I think that at a time of info overload, an article with numbers in the headline promises bite-sized chunks of info and bullet-pointed lists which give you a sense that they might be easier to read and digest than essays. Perhaps you are more likely to click on such a headline because you think you are more likely to get through the material than a longish essay.

Another factor surely is that the more of these that get written, the more that others will write them… ie, journalism is susceptible to contagious ideas and this might be one. But an effective one, methinks.

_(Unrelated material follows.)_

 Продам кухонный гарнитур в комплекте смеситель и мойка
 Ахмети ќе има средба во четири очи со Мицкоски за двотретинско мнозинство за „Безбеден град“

Writing for Online Publications instructor
University of Texas, Austin

I’d argue the rise in numbers we’re seeing is based on an overall paradigm shift in headline writing that is part of the larger shift across media organizations. They can’t afford to be staid and have to find more innovative ways to package, present, and archive information. While including SEO drivers helps, adding numbers and other information can pull more attention. While I’d like to think we’re moving beyond the attention economy, we’re nowhere near out of the woods when it comes to information overload. The headlines we create and consume have the potential to benefit us in many ways, some of which are easier consumption through practical and primary packaging, connecting more with news and information that we perceive to be relevant, and filtering through the fragments of news and information based on new and simple headline additions.

“I teach writing for the web at the post-secondary level”

I’m thinking it’s a misguided attempt at effective SEO. It’s a long-standing theory in copywriting that numbers make a headline more concrete and specific, and ultimately more appealing. It doesn’t work as well online though since few people actually type in “5 Ways to be More Lovable” or “7 Hot Tips to Success” into search engines. I’m not aware of any studies, but trends come and go in SEO and web writing in general.

I tell my students the #1 rule (joke) is always to write with your end user in mind. What is the most likely thing that they will type into a search engine that is relevant to your site/stories? Write that as your headline, or close to it. Numbers are irrelevant to most search engines.

* Data shows articles with digits may be shared more on Facebook than those without
* Five reasons why readers like numbers in headlines
* Using numbers in headlines: Is the game changing?



  1. They’re way overused.

    In print, it’s one of the favorite gimmicks of today’s unoriginal page designer. The standard M.O. was to write a headline like “10 ways to avoid editing.” The numeral 10 would be in at least 80-point type.

    Then, each “tip” would have a large, colored numeral in front of it. Usually the tips are not written well. The “best” come from Sports when they roll out something like “10 ways to defeat the opponent,” and the tips include things like “Score more points” or “Play defense.”

    Claiming this technique must work just because it’s overused is the ultimate example of circular logic.

  2. Lauren Custer said:

    I have also noticed that several of these ‘top #’ lists are built out in gallery-type templates, with each click into the next item resulting in a refresh of the page or gallery module in the page itself. Each new click equals another advertisement load, which could ultimately mean more money due to more page views.

    Just an assumption. I noticed this happens in Mashable’s top lists; there is a cube advertisement in the lower right of the gallery that reloads each time you click another item.

  3. 1) I can’t believe you passed on the chance to headline this “Six reasons why we’re seeing so many numbers in headlines.”

    2) Look at the kinds of stories that invite number headlines: Listicles aren’t just relatively easy to write and read, they also lend themselves to page-view-inflating slideshow presentations.

  4. Jennifer Greenhill-Taylor said:

    Sigh… pageviews… hasn’t anyone figured out that the emperor has no clothes?